Son yıllarda her ortamda çok sıkça duyuyoruz!
“Aman Tanrım çok güzelsin” ya da “Ne 40 mı? 50 mi? Ne kadar genç gösteriyorsun!”
Herkes varsa yoksa dış görünüşe bir iltifat etme ihtiyacı içinde. Ben şahsen birbirimize başka bir şekilde iltifat edilmesini çok özledim. Başka sözler duymaya hasret kalmadık mı? Ne dersiniz?

Oysa gelin birlikte biraz geçmişi gözümüzde canlandırmaya çalışalım mı?
30-40 yıl önce kadınlar ya da erkekler aynaya baktıklarında gördükleri kırışıklıkları ya da yüz hatlarını bugün ki gibi dert ediyorlar mıydı? Ya da yaz gelecek ne olacak bu bacaklarımdaki selülitlerin hali deyip çözüm arıyorlar mıydı? HAYIR!
Yüzdeki kırışıklıklarda, bacaktaki selülitlerde doğallığın bir parçası olarak kabul ediyordu. O dönemlerde ne sosyal medyada filtreli fotoğraflar vardı ne de her köşe başında medikal estetik merkezleri... Yaşlanmak, hayatın olağan ve saygı duyulan bir yönüydü. Bugün ise işler oldukça değişti.

Günümüzün dijital çağında, “kusursuz” görünmek neredeyse bir toplumsal beklenti hâline geldi. Artık sanki selülitlerimizle ya da kaz ayaklarımızla görünmemiz bir suçmuş gibi... Sanki yaş almak, hayatı yaşamak değil de bir ‘eksiklik’miş gibi sunuluyor.
Medikal estetik uygulamaları, hiç olmadığı kadar yaygın ve erişilebilir. Elbette bu ilerlemelerin bir yönüyle hayat kalitemizi artırdığı da bir gerçek. Kendini iyi hissetmek için yapılan dokunuşlara kimse karşı çıkmıyor. Çünkü herkesin kendini sağlıklı, canlı ve güzel hissetme hakkı var. Ancak bu denklemde sıkça unuttuğumuz başka bir hak daha var: Yaşlanma hakkı.

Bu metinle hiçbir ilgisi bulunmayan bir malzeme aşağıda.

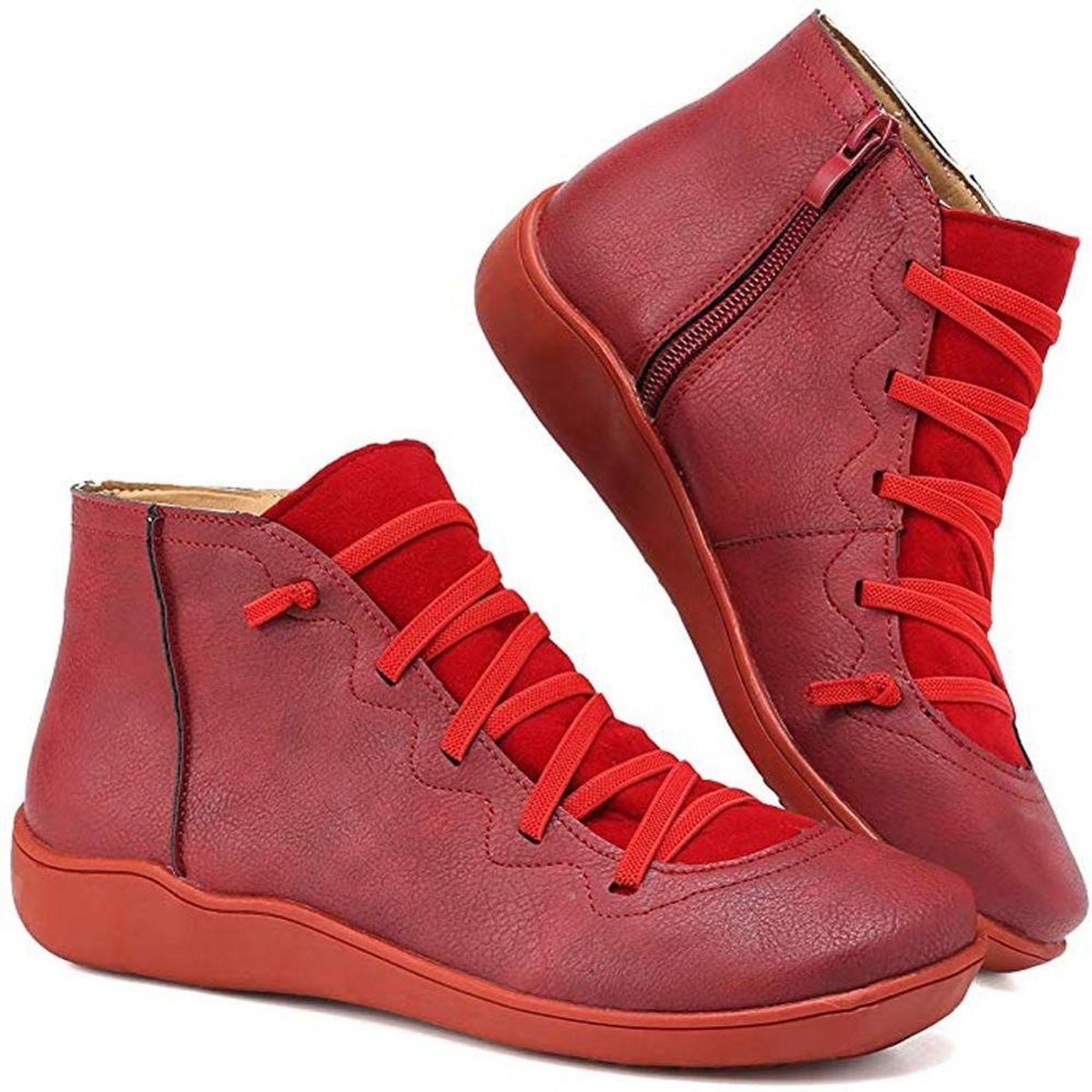 Women's Flat Leather-Look Ankle Boots with Cross Lacing – Red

Medikal Estetiğin Kısa Tarihi
Medikal estetik, ilk olarak 1970’li yıllarda botulinum toksinin (botoks) kas spazmlarını tedavi etmekte kullanılmasıyla tıpta kendine yer buldu. Ancak bu maddenin kırışıklıkları geçici olarak düzeltme etkisi fark edilince, estetik dünyasında yeni bir çağ başlamış oldu. Ardından dolgu maddeleri, lazer teknolojileri, cilt gençleştirme yöntemleri derken estetik tıp, büyük bir endüstriye dönüştü.
Bugün gelinen noktada medikal estetik sadece bir lüks değil, bazen bir norm haline geldi. Bu normlar ise çoğu zaman dijital platformlar, influencer kültürü ve kusursuz beden dayatmalarıyla şekilleniyor. 20’li yaşlarında bile “baby botox” yaptıran bir nesil var artık. Henüz yaşlanmadan, yaşlanma korkusuyla tanışıyoruz.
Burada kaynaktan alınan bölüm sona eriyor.